* [WORK TASK] With the pictures left out, print exactly the lines below that run from the one containing "And then in" through the one containing "So once again, manage".

* [INFORMATION GIVEN]
--- START ---

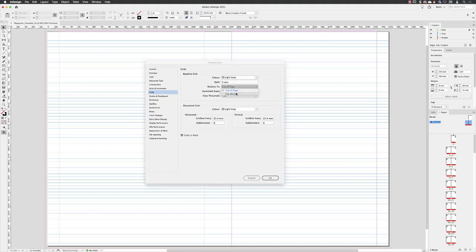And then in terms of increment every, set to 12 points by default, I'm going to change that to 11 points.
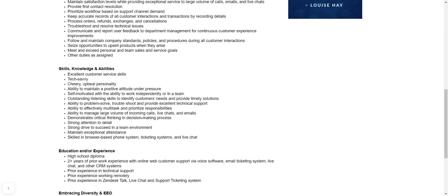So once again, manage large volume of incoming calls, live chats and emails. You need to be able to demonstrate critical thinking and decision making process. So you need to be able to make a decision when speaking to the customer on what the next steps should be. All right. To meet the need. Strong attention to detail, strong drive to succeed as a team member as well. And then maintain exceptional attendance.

--- END ---
--- START ---

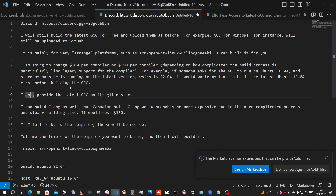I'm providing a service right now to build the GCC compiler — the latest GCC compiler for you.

--- END ---

* [ANSWER SECTION]
And then in terms of increment every, set to 12 points by default, I'm going to change that to 11 points.
So once again, manage large volume of incoming calls, live chats and emails. You need to be able to demonstrate critical thinking and decision making process. So you need to be able to make a decision when speaking to the customer on what the next steps should be. All right. To meet the need. Strong attention to detail, strong drive to succeed as a team member as well. And then maintain exceptional attendance.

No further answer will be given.